The entries that follow need to be printed exactly as they are, minus any pictures.

━━━ PROVIDED RECORDS

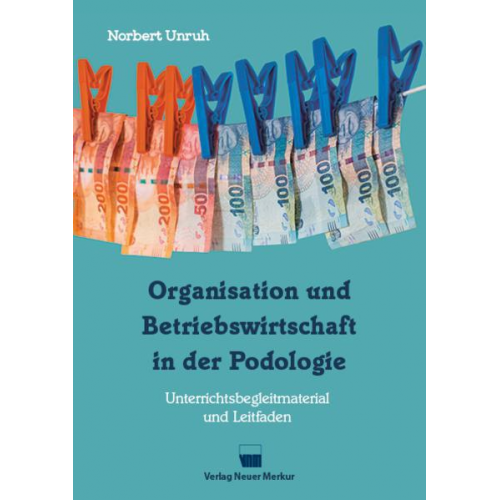 Norbert Unruh - Organisation und Betriebswirtschaft in der Podologie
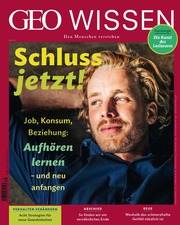 GEO Wissen - Schluss jetzt! - Cover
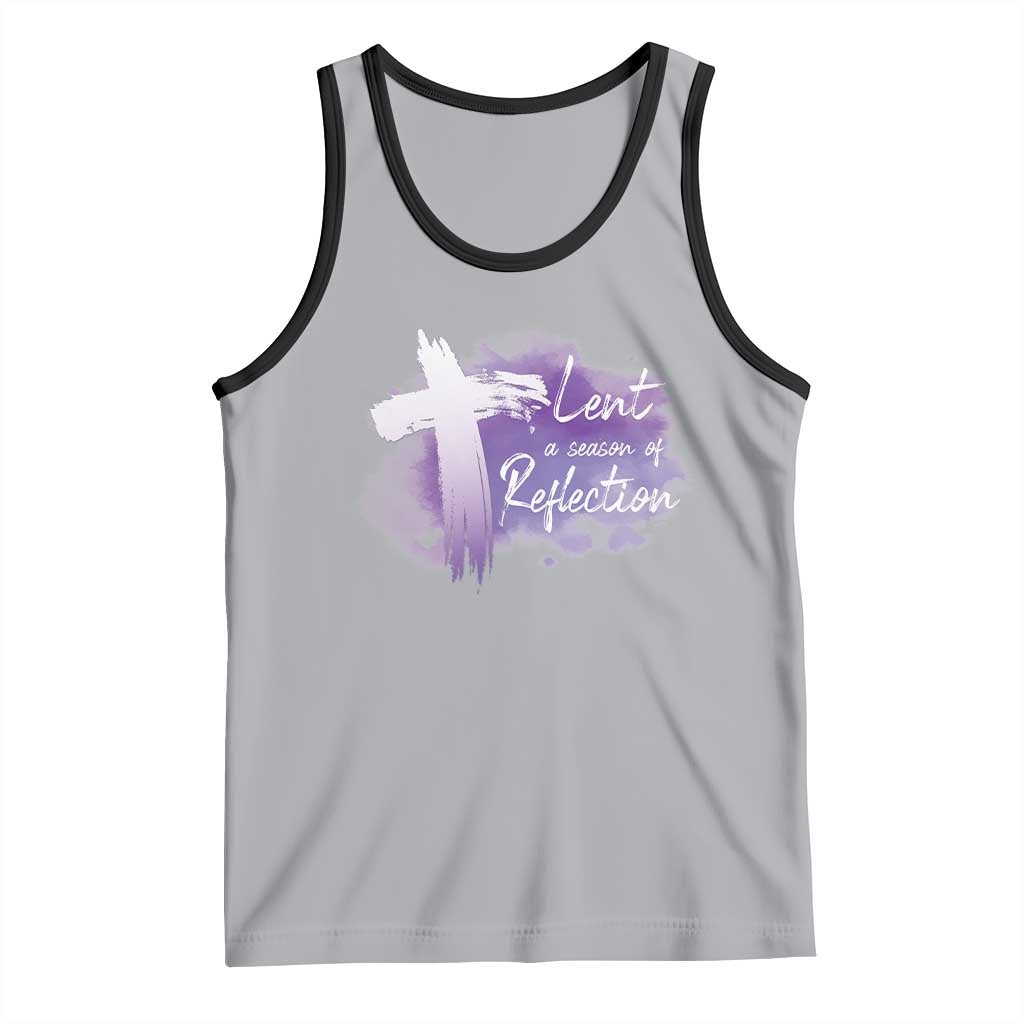 Ash Wednesday Tank Top Lent A Season Of Reflection Ashes Cross Christian Religious TS11 Athletic Heather Black Print Your Wear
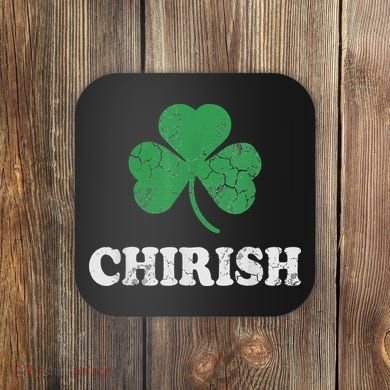 Chirish Shamrock Chicago Irish St Patricks Day Coaster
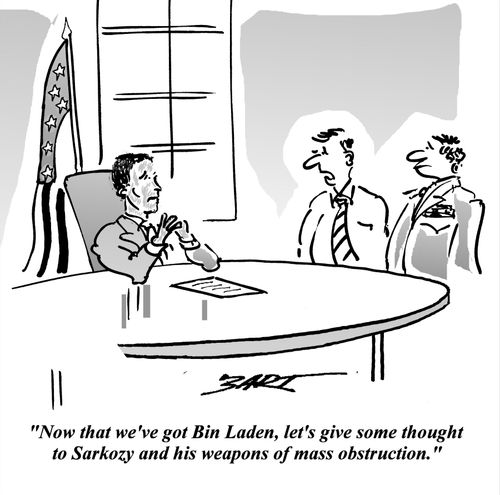 'Now that we've got Bin Laden, let's give some thought to Sarkozy and his weapons of mass obstruction.'
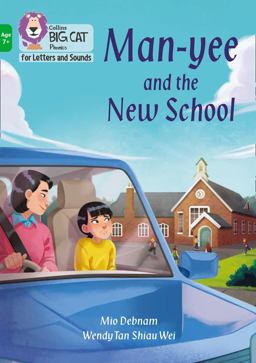 Collins Big Cat Phonics for Letters and Sounds - Age 7+ - Man-Yee and the New School: Band 05/Green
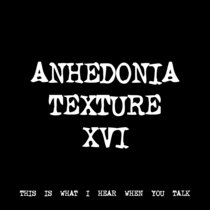 ANHEDONIA TEXTURE XVI [TF00164] cover art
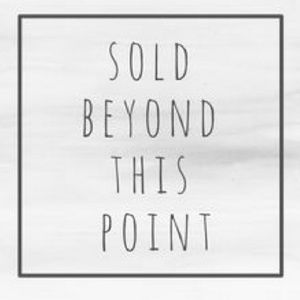 Items SOLD Beyond This Point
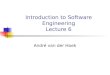Introduction to Software Engineering Lecture 6 André van der Hoek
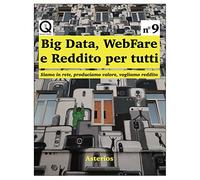 Big data, webfare e reddito per tutti. Siamo in rete, produciamo valore, vogliamo reddito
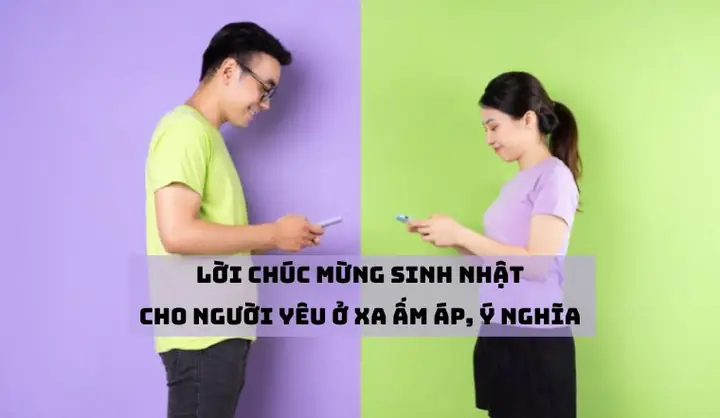50+ Lời Chúc Mừng Sinh Nhật Người Yêu Ở Xa Ấm Áp, Ý Nghĩa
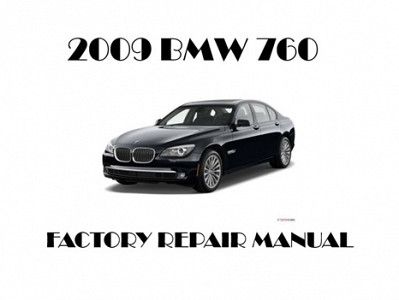 2009 BMW 760 repair manual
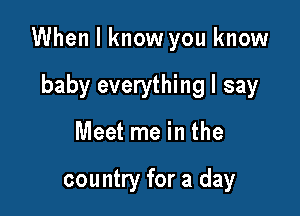 When I know you know

baby everything I say
Meet me in the

country for a day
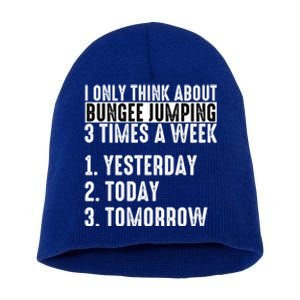 I Only Think About Bungee Jumping 3 Times A Week Meaningful Gift Short Acrylic Beanie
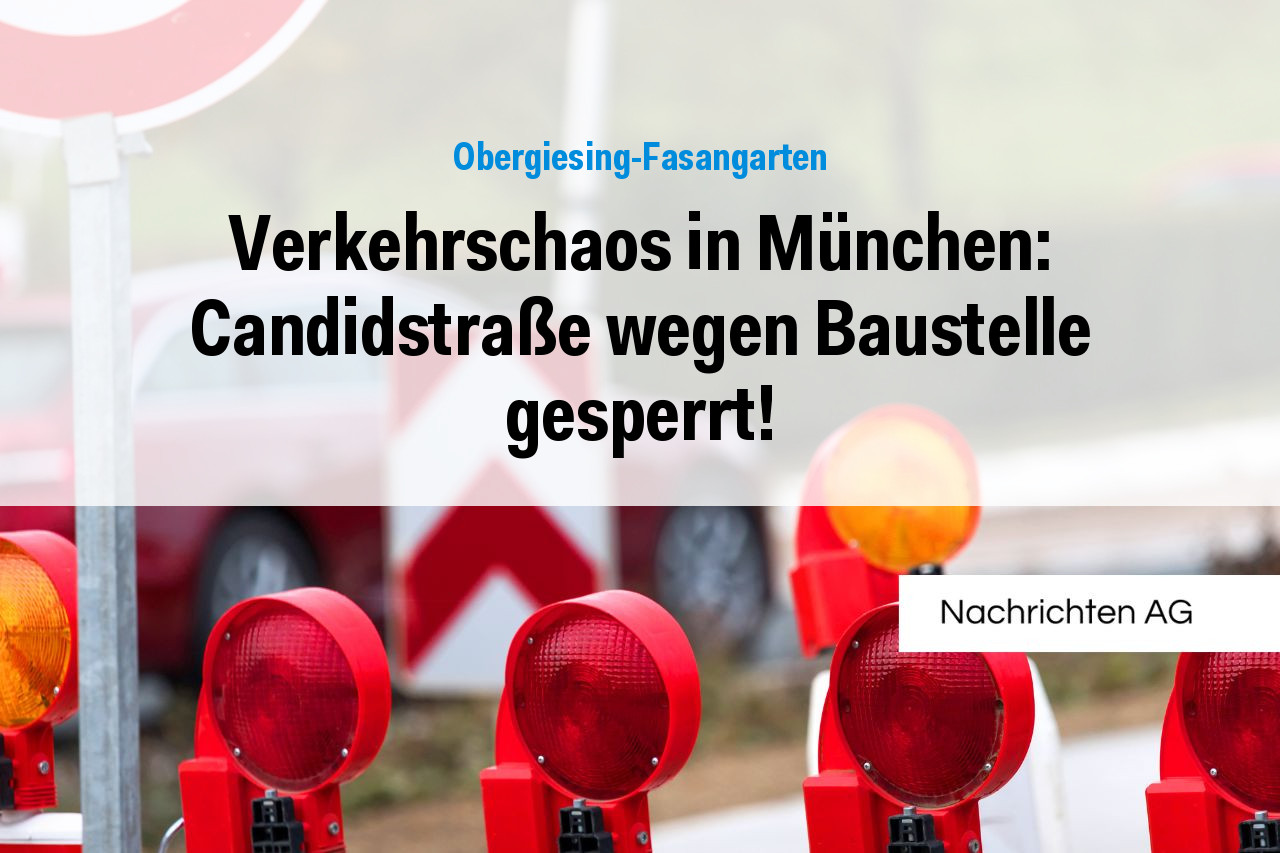 Verkehrschaos in München: Candidstraße wegen Baustelle gesperrt!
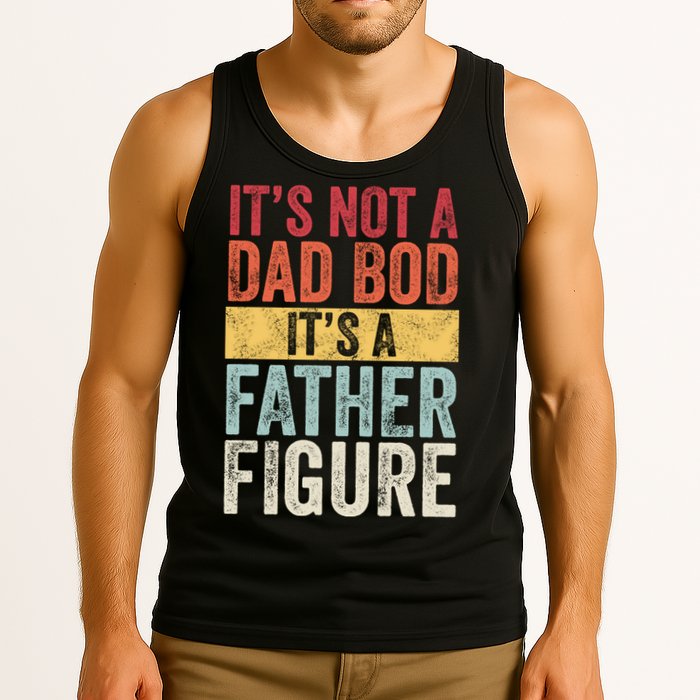 Its Not A Dad Bod Its A Father Figure Funny Retro Vintage Tank Top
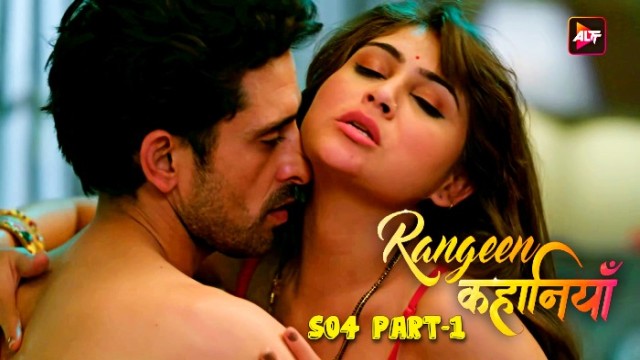 Rangeen Kahaniyan Tan Tripti (2024) S04 Part 1 ALTBalaji Hindi Web Series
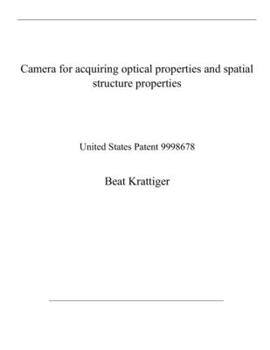 Paperback Camera for acquiring optical properties and spatial structure properties: United States Patent 9998678 Book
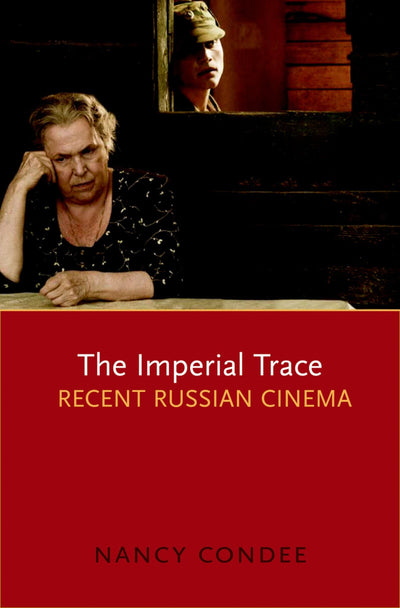 The Imperial Trace: Recent Russian Cinema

━━━━━━

* _RESPONSE TO THE EXERCISE_
 Norbert Unruh - Organisation und Betriebswirtschaft in der Podologie
 GEO Wissen - Schluss jetzt! - Cover
 Ash Wednesday Tank Top Lent A Season Of Reflection Ashes Cross Christian Religious TS11 Athletic Heather Black Print Your Wear
 Chirish Shamrock Chicago Irish St Patricks Day Coaster
 'Now that we've got Bin Laden, let's give some thought to Sarkozy and his weapons of mass obstruction.'
 Collins Big Cat Phonics for Letters and Sounds - Age 7+ - Man-Yee and the New School: Band 05/Green
 ANHEDONIA TEXTURE XVI [TF00164] cover art
 Items SOLD Beyond This Point
Introduction to Software Engineering Lecture 6 André van der Hoek
 Big data, webfare e reddito per tutti. Siamo in rete, produciamo valore, vogliamo reddito
50+ Lời Chúc Mừng Sinh Nhật Người Yêu Ở Xa Ấm Áp, Ý Nghĩa
 2009 BMW 760 repair manual
 When I know you know

baby everything I say
Meet me in the

country for a day
 I Only Think About Bungee Jumping 3 Times A Week Meaningful Gift Short Acrylic Beanie
 Verkehrschaos in München: Candidstraße wegen Baustelle gesperrt!
 Its Not A Dad Bod Its A Father Figure Funny Retro Vintage Tank Top
 Rangeen Kahaniyan Tan Tripti (2024) S04 Part 1 ALTBalaji Hindi Web Series
 Paperback Camera for acquiring optical properties and spatial structure properties: United States Patent 9998678 Book
 The Imperial Trace: Recent Russian Cinema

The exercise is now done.